==== Exercise data ====

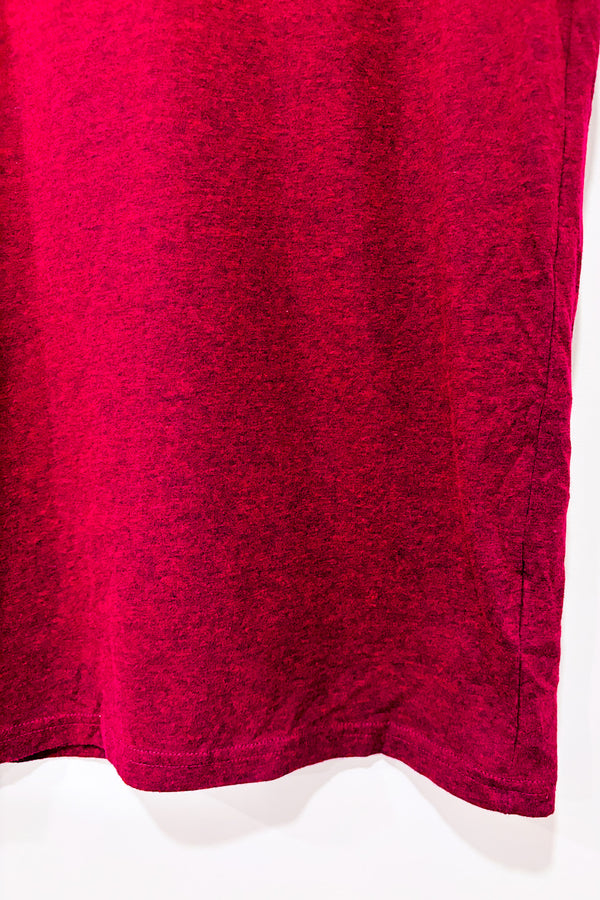 T-shirt bourgogne (xs)-H&M-La Penderie du Paradis 🕊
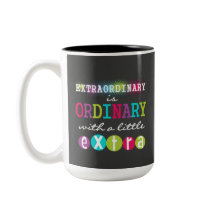 Außerordentliche Lehrer-Zitat-Tafel-Tasse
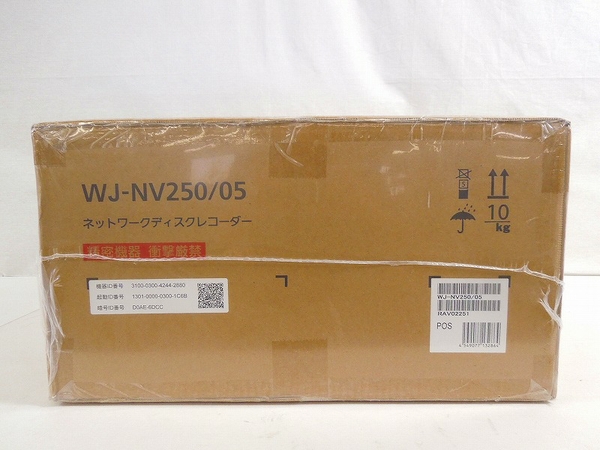 Panasonic WJ-NV250/05(防犯カメラ)-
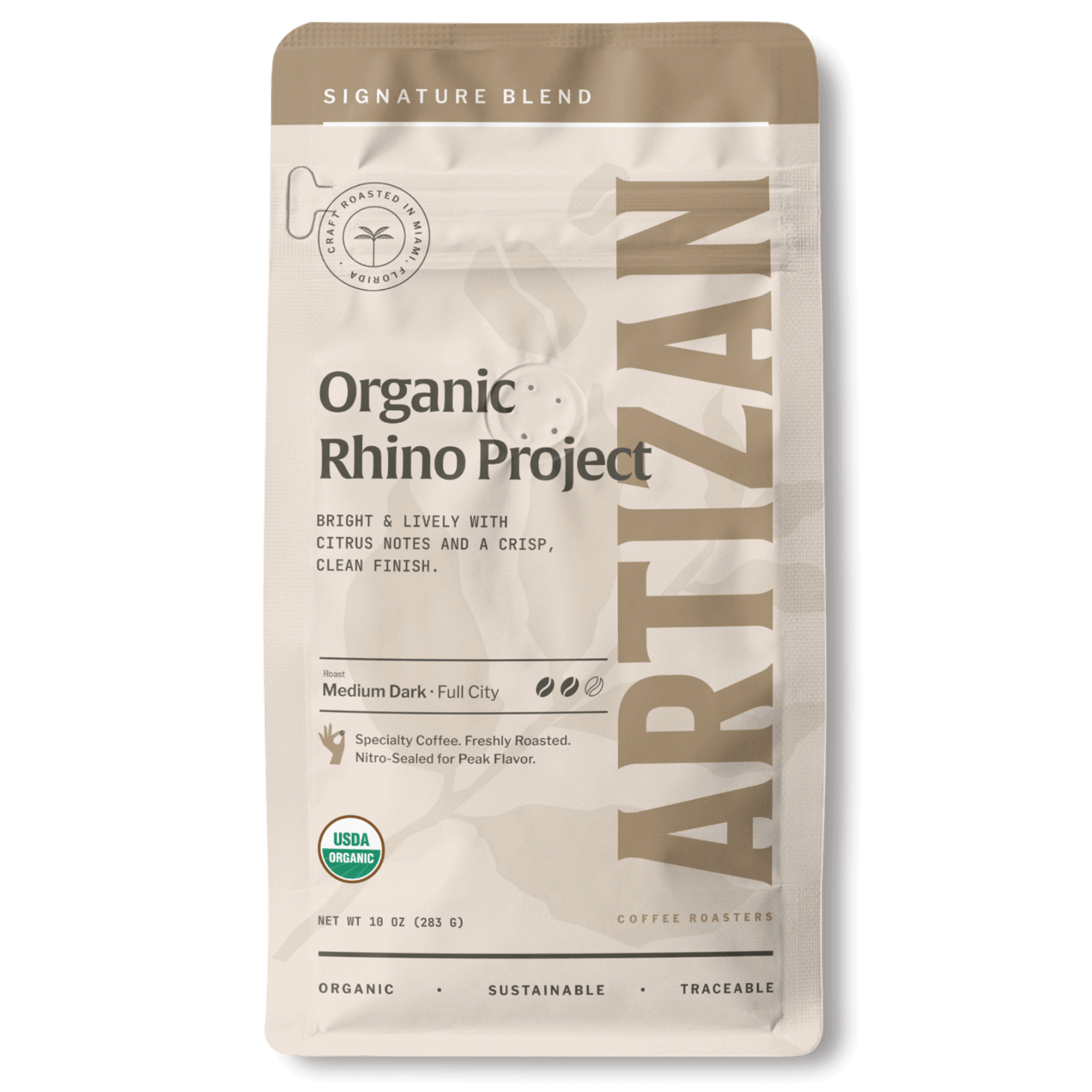 Organic Rhino Project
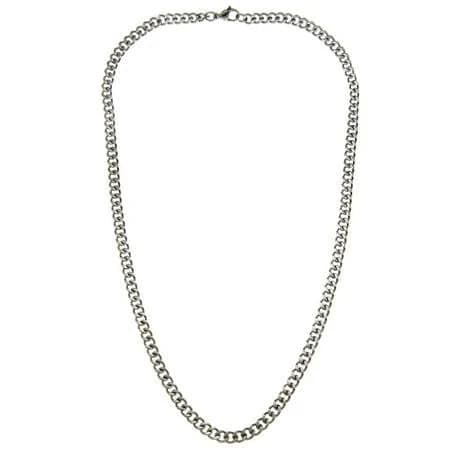 Stainless Steel Cuban Necklace for Men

====

__Task brief__:
All lines from the one that contains "Außerordentlic" through the last line of the data should be retyped exactly, with the pictures left out.

__Finished task__:
 Außerordentliche Lehrer-Zitat-Tafel-Tasse
 Panasonic WJ-NV250/05(防犯カメラ)-
 Organic Rhino Project
 Stainless Steel Cuban Necklace for Men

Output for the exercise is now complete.